Exercise prompt:
Print the listing in full, keeping every line exactly as it is.

BEGIN Recorded data

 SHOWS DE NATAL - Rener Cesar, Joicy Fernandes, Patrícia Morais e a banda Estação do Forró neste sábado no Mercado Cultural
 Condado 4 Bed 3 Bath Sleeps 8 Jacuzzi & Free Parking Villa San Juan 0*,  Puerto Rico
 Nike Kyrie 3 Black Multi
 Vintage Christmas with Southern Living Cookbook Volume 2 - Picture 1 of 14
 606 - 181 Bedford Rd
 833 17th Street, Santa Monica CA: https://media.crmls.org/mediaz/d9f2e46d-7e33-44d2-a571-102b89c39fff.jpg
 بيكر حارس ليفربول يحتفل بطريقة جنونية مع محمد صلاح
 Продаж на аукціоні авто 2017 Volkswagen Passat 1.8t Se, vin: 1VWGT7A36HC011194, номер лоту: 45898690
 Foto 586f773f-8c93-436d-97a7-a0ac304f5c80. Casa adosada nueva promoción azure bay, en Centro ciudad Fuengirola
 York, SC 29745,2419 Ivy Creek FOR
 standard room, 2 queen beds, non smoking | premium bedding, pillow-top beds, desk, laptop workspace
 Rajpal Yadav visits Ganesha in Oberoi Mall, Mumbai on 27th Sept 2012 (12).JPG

END Recorded data

Exercise output:
 SHOWS DE NATAL - Rener Cesar, Joicy Fernandes, Patrícia Morais e a banda Estação do Forró neste sábado no Mercado Cultural
 Condado 4 Bed 3 Bath Sleeps 8 Jacuzzi & Free Parking Villa San Juan 0*,  Puerto Rico
 Nike Kyrie 3 Black Multi
 Vintage Christmas with Southern Living Cookbook Volume 2 - Picture 1 of 14
 606 - 181 Bedford Rd
 833 17th Street, Santa Monica CA: https://media.crmls.org/mediaz/d9f2e46d-7e33-44d2-a571-102b89c39fff.jpg
 بيكر حارس ليفربول يحتفل بطريقة جنونية مع محمد صلاح
 Продаж на аукціоні авто 2017 Volkswagen Passat 1.8t Se, vin: 1VWGT7A36HC011194, номер лоту: 45898690
 Foto 586f773f-8c93-436d-97a7-a0ac304f5c80. Casa adosada nueva promoción azure bay, en Centro ciudad Fuengirola
 York, SC 29745,2419 Ivy Creek FOR
 standard room, 2 queen beds, non smoking | premium bedding, pillow-top beds, desk, laptop workspace
 Rajpal Yadav visits Ganesha in Oberoi Mall, Mumbai on 27th Sept 2012 (12).JPG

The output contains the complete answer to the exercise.